9-DOF Sensor Instead of Absolute Encoders?

The PANOPTES baseline design uses an iOptron mount, an iEQ30 or an iEQ45. These do not have absolute encoders, so they can't always determine the position of the two axes. Normally they'll remember where they were when last used, but if the user has loosened the clutch to adjust things, the scope has collided with the mount, there was a failure to save state during power down, or some such, then the mount won't have accurate info, and needs to be manually homed: aimed at the celestial pole. This runs contrary to the goal of a robotic telescope: it should require as little human assistance as we can reasonably achieve.
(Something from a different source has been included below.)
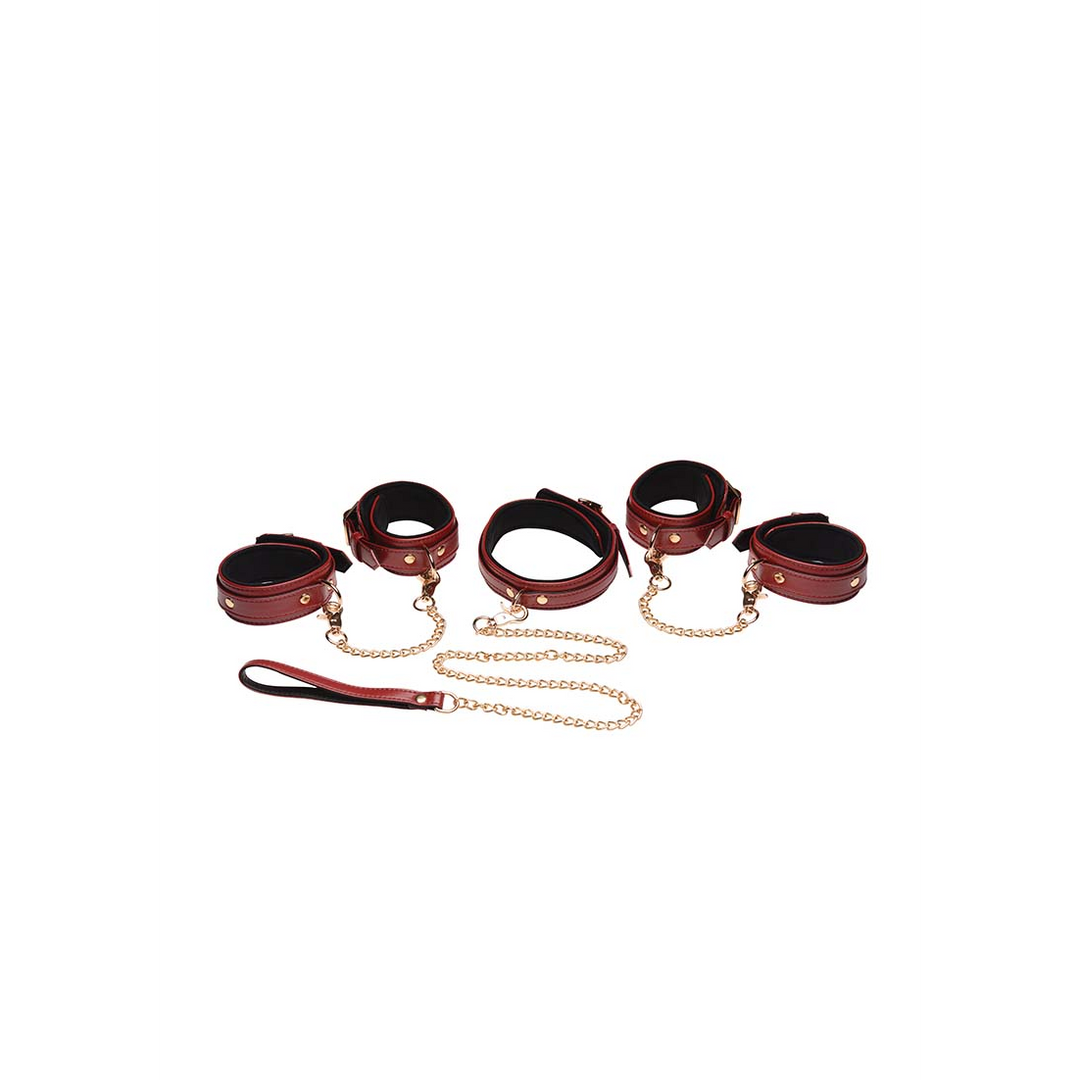 6-teilige burgunderfarbene Bondage Set mit Handschellen, Halsband und Gürtel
We've experimented with including a 3-axis accelerometer in the camera box, a sensor that allows us to determine which way is down when the camera is not moving. This is pretty useful, but it can't distinguish, for example, between pointing down on the east side of the mount and on the west side of the mount. Basically, for each position on one side of the mount, there is a symmetric location on the other side where the sensor output (i.e. which way is down) is the same.
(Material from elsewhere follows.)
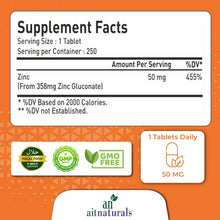 Aitnaturals Zinc 50 mg Supplement Facts, 50 mg per serving, 1 tablet daily, 250 tablets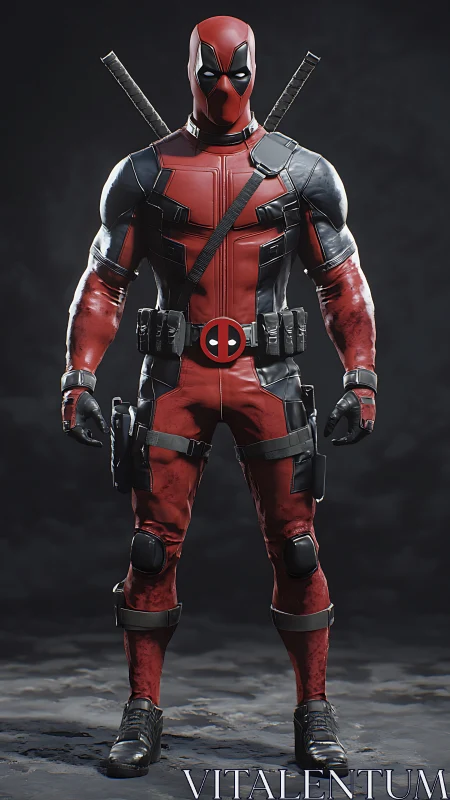 Full-body Deadpool character render showcases detailed armor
I recently came across an interesting little breakout board for an MPU-9250, a device with three 3-axis sensors: an accelerometer, a gyroscope and a magnetometer (i.e. a compass).

While I can't think of a way to use a gyroscope in this application, the magnetometer may allow us to distinguish different orientations of the camera box w.r.t. the magnetic field lines of the earth. Of course, that assumes that the local conditions, including the electronics and all the nearby metal in the mount, cameras and lenses, doesn't interfere. But interference is pretty likely.
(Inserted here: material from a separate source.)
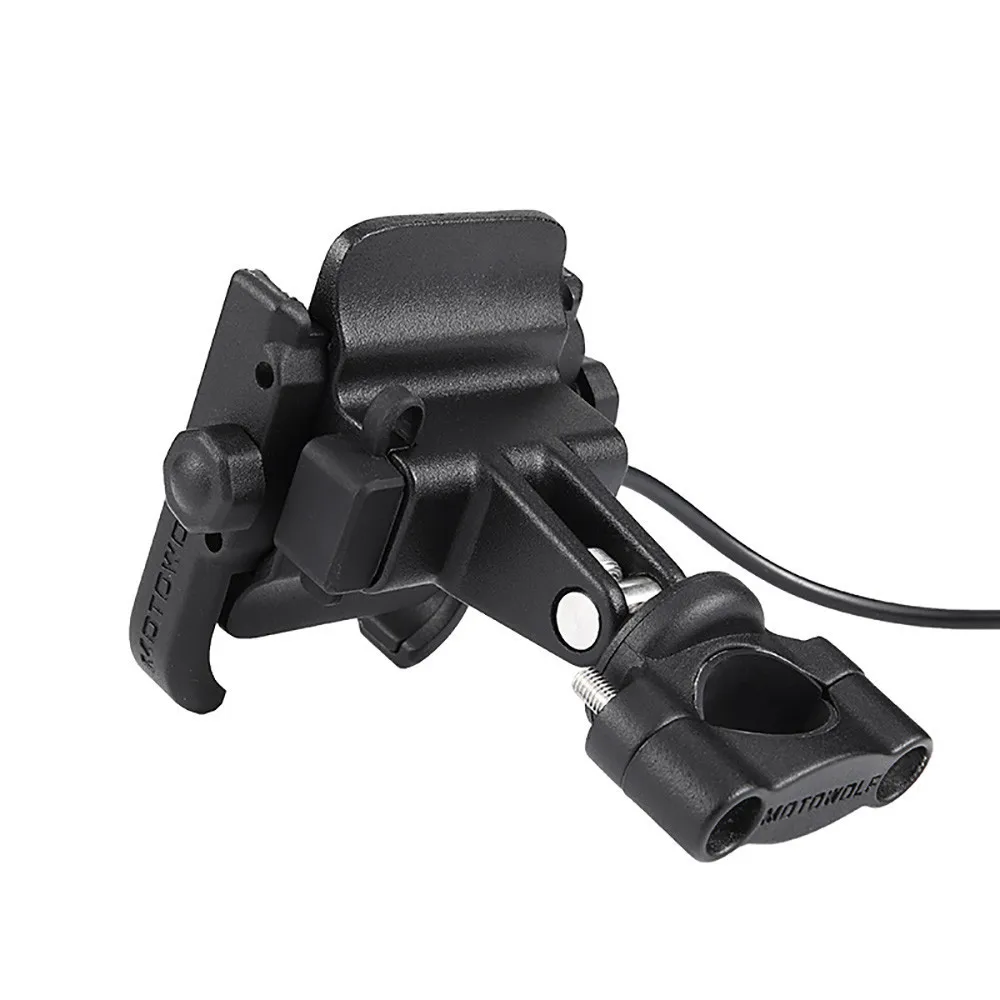 Black with USB Универсальный мотоцикл велосипед Скутер ATV 19-30 мм руль зеркало заднего вида держатель для мобильного телефона Подставка Кронштейн USB порт зарядное устройство - Цвет: Black with USB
Fortunately, once the mount is aligned to the celestial pole, there are only two degrees of freedom: declination and right ascension. So not all combinations of down and north are valid: for any one direction for down, only two compass values make sense, and they are in opposite directions. So, even if the compass resolution is pretty poor, it may still be possible to distinguish between the two sides of the mount.

A complication with using the breakout board is that the sensor is a 3.3V device, while the Arduino Micro that we use runs on 5V. The exceedingly minimal documentation for the board says it has a voltage regulator for the power line, but says nothing about level shifting the signal lines. So, I may destroy the thing just hooking it up to the Micro. Sigh.

If anyone has pointers to previous work on this, please do share! Thanks.